これだけ読んでおけば分かる?(たぶん)
例によって、ざっくりとで、生物多様性に偏ったまとめになっています。
生物多様性国家戦略って何?というと、簡単に言うと、世界中あちこちで生物多様性の損失が増えてきたのが問題になりました。
それを国連の一つで話し合い、そこで考えられたのが生物多様性条約です。
だいたい世界の9割は批准しており、二年ごとに会議で取り組みが考えられ、我が国もこうした計画書を作っています。
簡単な歴史
1992年 地球サミット(14日間で終わり)ここで生物多様性条約、気候変動枠組条約が考えられる
その後、第一回目 COP1(COPとはConference of the Parties、条約国会議のこと、うち最も有名なのが、気候変動枠組条約COP-FCCC、その他、生物多様性にも、砂漠化対処条約もCOPなになにがある、開催頻度は条約ごと)
気候変動に関わるものと、生物多様性に関わるものなどが始まった。他にラムサール条約などがある
気候変動に関わる主なCOP
1997 京都議定書(COP3)
2009 コペンハーゲン(デンマーク)(COP15)
2015 パリ協定(COP21)
2021 グラスゴー(イギリス)(COP26)
生物多様性に関わる主なCOP
1998 スロバキア(COP4) カルタヘナ議定書
2008 ボン合意(COP9)
2010 愛知目標(cop10)
2022 昆明・モントリオール生物多様性枠組(COP15)
「2030年までに、自然を回復軌道に乗せるため、生物多様性の損失を食い止め、反転させる」(目標)
環境省HP
生物多様性国家戦略2023-2030
ネイチャーポジティブ実現に向けたロードマップ より (編集、まとめています)
生物多様性国家戦略2023-2030のポイント
2030年 ネイチャーポジティブ(自然再興)
2050年 自然と共生する社会
まず2030年までに、
戦略1
30by30
自然再生
汚染・外来種の対策
希少種保全
他
他:戦略2~5まで、主に活用と運用面・データ面
をやる
具体的行動
陸地・海の保全地域を30%に
国立・国定公園などの拡大
OECM(↑以外、保護地以外)(Other effective area-based conservation measures、保護地以外で生物多様性に資する地域)
生態系ネットワーク
藻場・サンゴ礁・干潟の保全・再生・創出
海と陸とも農業漁業の適正化
野生の普通種なども保全
世界自然遺産の充実(白神山地、知床、奄美、屋久島、小笠原など)
天然記念物の保存
海洋の保全30by30(保護区とOECMの設定)
OECM(自然共生サイト)(仮称)
陸20,5→30%
海13,5→30%に
多自然川づくり 国土交通省
生態系に配慮した道路整備
生態系に配慮した農水、環境用水の整備 農林水産省
減農薬、減化学肥料、みどりの食糧システム
有機農業の確立
下水道の向上
国有林野など 単層林→複層林に
自然再生の促進
身近な自然も含めた生物の生息・生息環境の保全
普通種の昆虫なども調査、モニタリング、生物指標を作る
光害対策 ガイドライン、普及啓発
ブルーカーボンによるCO2吸収の加速
と、
本当にざっくりとですが、今後このような取り組みがあります。
まとめると、脱炭素、有機農業、国立公園等、OECMとの連携と接続を通じ、自然を回復軌道に乗せる。ということになります。

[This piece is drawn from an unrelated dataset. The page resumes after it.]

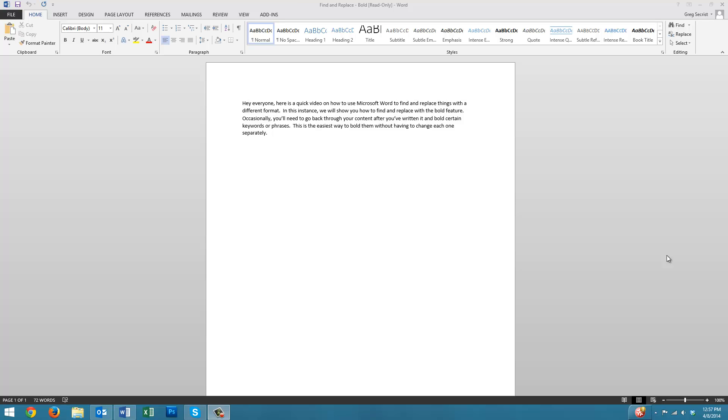With Microsoft Word, you're going to use the Find and Replace feature, Control F.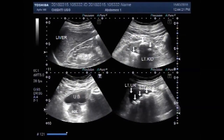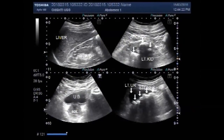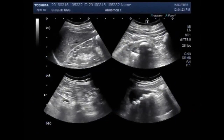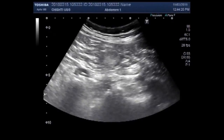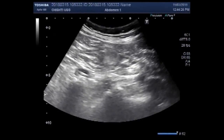Dear viewers, I hope you are all fine. This ultrasound video shows renal parenchymal disease of the right kidney.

この30by30には賛否あります。え?少なくないか?と。
欧州のは平地が多く、自然保護が盛んなので連続性が保たれていますが、日本のは険しい山岳諸島ですのであちこち分断しており、合わせて3割でOKとなれば、最悪自然荒廃が進む事態を呼ばないかと、私などは思ってしまいますね。他の懸念もいろいろ沸きます。
これは日本自然保護協会さんが意見書を出しております。
「次期生物多様性国家戦略(案)」に対する意見(パブリックコメント)
これによると、本来は40ー70%の試算が出ており、2030年までの目標からの設定であり、少なくとも、という意味ではあるようです。
西欧のほうでも、これは少なくとも、と出ておりました。
現在、世界の陸域の75%が著しく改変、海洋の66%が複数の人為的影響下にあり、1700年代以降、85%の湿地が消失したと言います。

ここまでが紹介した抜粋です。